Propriozeptive Neuromuskuläre Fazilitation (PNF)

Der Körper verfügt über unterschiedliche Sinnesorgane. Durch die sog. Bewegungsfühler (Rezeptoren) nehmen wir wahr, wie der Körper sich bewegt oder in welcher Haltung er sich befindet ("Propriozeptiv"). Eine PNF-Therapie regt diese Rezeptoren gezielt an und aktiviert sie. PNF fördert somit das Zusammenspiel zwischen Rezeptoren, Nerven und Muskeln ("Neuromuskulär"). Arbeiten sie gut zusammen, fallen Ihnen alle alltäglichen Bewegungen leichter ("Fazilitation"). Ihr PNF-Therapeut gibt dabei rotatorische (drehende) Widerstände, um Ihre Muskeln zusammenhängend - in so genannten Muskelketten - zu aktivieren.

Bewegungsreserven wecken

Mit aktivierten Reserven werden Bewegungsmuster eingeübt, die schwerfallen oder ganz fehlen.
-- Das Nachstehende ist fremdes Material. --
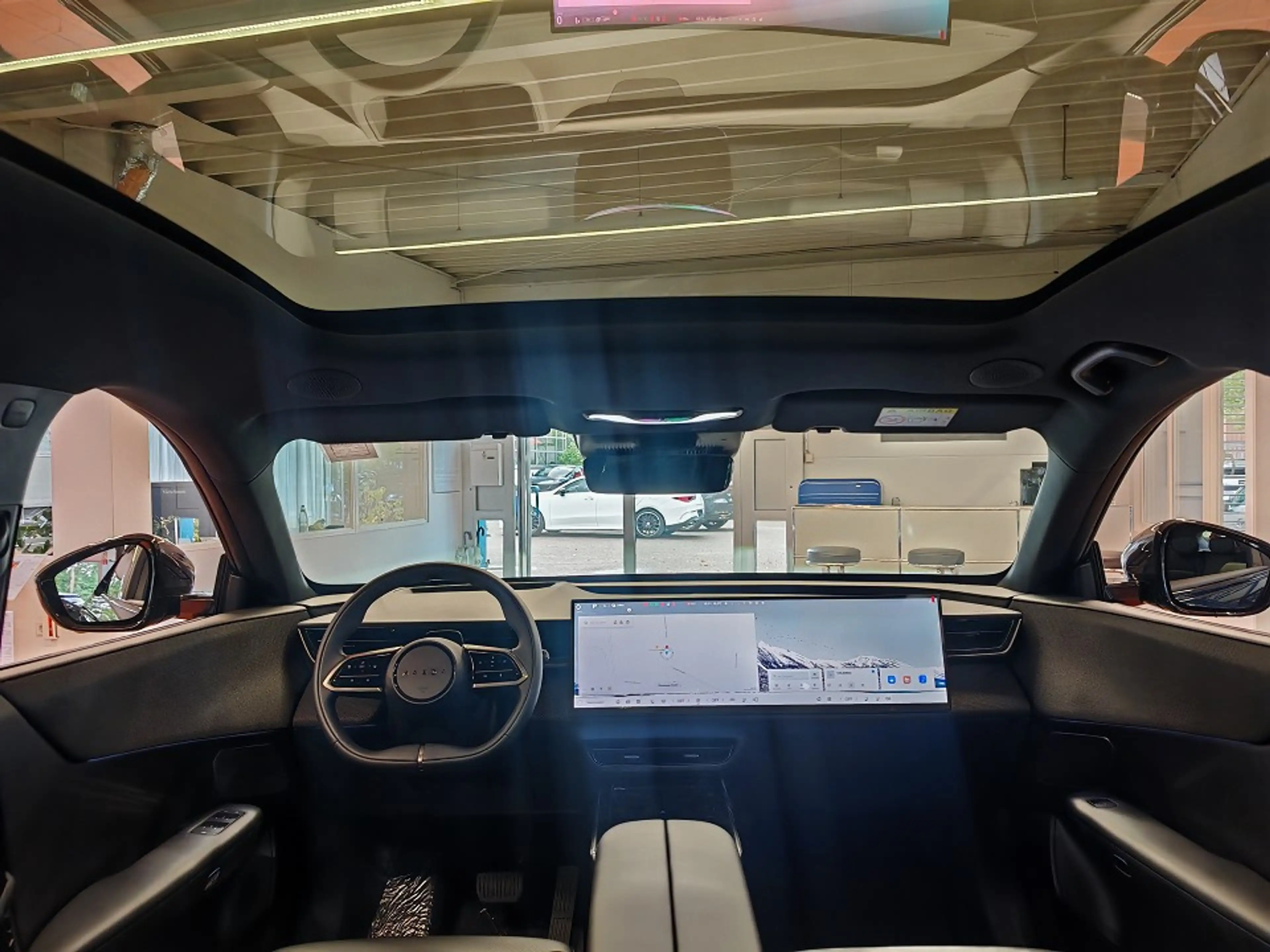 Mazda CX-6e EV 258ps — photo 10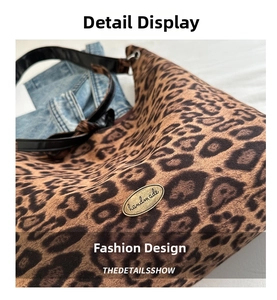 Dettaglio borsa shopper leopardata con targhetta dorata handmade e manico nero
Das können alltägliche Fähigkeiten sein wie

  • Aufstehen aus eigener Kraft
  • Sicher gehen
  • Gleichgewicht halten
  • Treppen steigen ohne Mühe
  • Geschicklichkeit der Hände
  • Selbstständig an- und auskleiden
  • Essen, schlucken, sprechen, atmen

Sicher greifen, stehen und gehen

Eine Behandlung nach PNF wird insbesondere angewandt bei Bewegungsstörungen aufgrund von:

  • Multipler Sklerose
  • M. Parkinson
  • Querschnittslähmung
  • Schädel-Hirn-Trauma
  • Schlaganfall
  • Gelenkoperationen z.B. an der Hüfte, am Knie
  • Sportunfällen

Die Therapie verbessert die bewusste und unbewusste Steuerung der Körperhaltung und Bewegung. Bei schweren Erkrankungen oder Verletzungen fördert PNF lebenserhaltende Funktionen wie die Atmung oder das Schlucken.